Smart endpoints and dumb pipes

This page is published under the terms of the licence summarized in the footnote.

 

In a monolithic application, the various components are just a procedure call away.

But in a distributed software architecture, components are distributed across (virtual or real) machines.

So, how to integrate application components in a distributed software architecture?

 

Martin Fowler’s 2014 paper defining microservices recommends integrating application components using principle of “smart endpoints and dumb pipes”.

The example below is edited from an article by Nathan Peck (Sep 1 2017) that elaborates on Fowler’s concept, and explains modern techniques for integrating application components.

https://medium.com/@nathankpeck/microservice-principles-smart-endpoints-and-dumb-pipes-5691d410700f

For compatibility with TOGAF and Avancier Methods I’ve replaced almost all microservice by application component.

 

 

Contents

Overview.. 1

Integration design patterns. 1

Integration technologies. 2

Integration considerations. 2

Integration patterns - an example. 3

The use case: sign up to create an account 3

An anti-pattern: Hub and Spoke. 4

Integration technologies. 5

Request-Reply technologies. 5

Observer technologies. 7

Conclusion. 8

 

Overview

Integration design patterns

The two primary forms of communication between application components are here called Request-Reply and Observer.

 

Synchronous request-reply

A client component invokes a server component by making an explicit request, usually to store or retrieve data.

The client component waits for a response, be it a resource or a simply an acknowledgement.

 

Asynchronous observer

One component publishes an event.

One or more observers (watching for that event) respond by running logic asynchronously, outside the awareness of the event producer.

 

For some, loose-coupling via messaging has become a mantra, but there are always trade offs, as this table shows.

 

Couple via synchronous request/reply for

Decouple via asynchronous messages/events for

Speed

Simplicity

Consistency

Scale (very high volume and/or throughput)

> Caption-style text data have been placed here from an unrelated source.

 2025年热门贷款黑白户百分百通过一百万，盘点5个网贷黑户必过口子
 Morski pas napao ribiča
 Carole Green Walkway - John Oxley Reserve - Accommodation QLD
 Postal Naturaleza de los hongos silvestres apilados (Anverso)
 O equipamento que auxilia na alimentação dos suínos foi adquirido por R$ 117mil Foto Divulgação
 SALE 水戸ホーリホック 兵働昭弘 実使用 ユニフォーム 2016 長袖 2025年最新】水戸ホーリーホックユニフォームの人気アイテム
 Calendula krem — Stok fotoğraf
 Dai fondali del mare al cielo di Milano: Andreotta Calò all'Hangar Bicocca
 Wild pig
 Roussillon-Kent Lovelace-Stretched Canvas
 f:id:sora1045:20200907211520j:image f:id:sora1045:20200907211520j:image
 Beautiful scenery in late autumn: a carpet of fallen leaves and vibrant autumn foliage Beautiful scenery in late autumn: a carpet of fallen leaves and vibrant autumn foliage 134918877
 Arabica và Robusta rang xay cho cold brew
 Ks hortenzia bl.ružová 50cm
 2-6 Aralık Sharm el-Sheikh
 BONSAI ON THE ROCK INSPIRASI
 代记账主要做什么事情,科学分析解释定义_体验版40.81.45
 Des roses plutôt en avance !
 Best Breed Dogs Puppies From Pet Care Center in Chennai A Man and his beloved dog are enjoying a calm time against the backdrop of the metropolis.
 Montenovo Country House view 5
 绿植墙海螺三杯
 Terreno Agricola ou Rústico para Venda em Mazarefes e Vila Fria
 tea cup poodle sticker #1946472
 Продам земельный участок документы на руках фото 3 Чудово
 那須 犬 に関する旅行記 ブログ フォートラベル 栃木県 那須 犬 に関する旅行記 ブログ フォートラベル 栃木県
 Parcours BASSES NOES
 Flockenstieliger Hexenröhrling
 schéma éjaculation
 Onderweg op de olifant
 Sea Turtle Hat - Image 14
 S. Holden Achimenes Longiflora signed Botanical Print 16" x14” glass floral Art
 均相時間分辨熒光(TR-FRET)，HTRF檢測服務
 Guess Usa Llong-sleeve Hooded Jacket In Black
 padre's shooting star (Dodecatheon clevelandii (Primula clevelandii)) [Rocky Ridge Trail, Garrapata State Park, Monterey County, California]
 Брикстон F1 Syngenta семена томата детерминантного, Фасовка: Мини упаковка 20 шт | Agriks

Adaptability/Manageability (of smaller distributed components)

Availability (of smaller units of work) and Partition Tolerance

 

Integration technologies

Martin Fowler points out that many put significant intelligence into the integration mechanisms.

An Enterprise Service Bus (ESB) includes sophisticated facilities for message routing, choreography, transformation, and applying business rules.

Components are integrated using complex protocols such as WS-Choreography or BPEL.

 

By contrast “smart endpoints and dumb pipes” means integrating application components that own their own domain logic.

And components are integrated (choreographed or orchestrated) using simple protocols and/or lightweight messaging.

 

The simple protocols are ones the world wide web (and to a large extent, Unix) is built on.

Typlically, messages are sent using HTTP to remote components/resources that are identified using domain names.

Oft-used resources can be cached locally (with little effort).

 

The lightweight messaging technology is dumb - acts as a message router only.

Simple messaging products (as RabbitMQ or ZeroMQ) do little more than provide reliable message queues.

Integration considerations

The term micro implies subdividing something that could have been macro.

As always, there are trade offs.

 

Component size

Process length

Message quantity

Macro pattern

larger components perform

longer processes

with less inter-component messaging

Micro pattern

smaller components perform

shorter processes

with more inter-component messaging

 

Distributing components tends to mean designers have to consider two things

 

Reducing message frequency

Local procedure calls are simple, fast, reliable and cheap.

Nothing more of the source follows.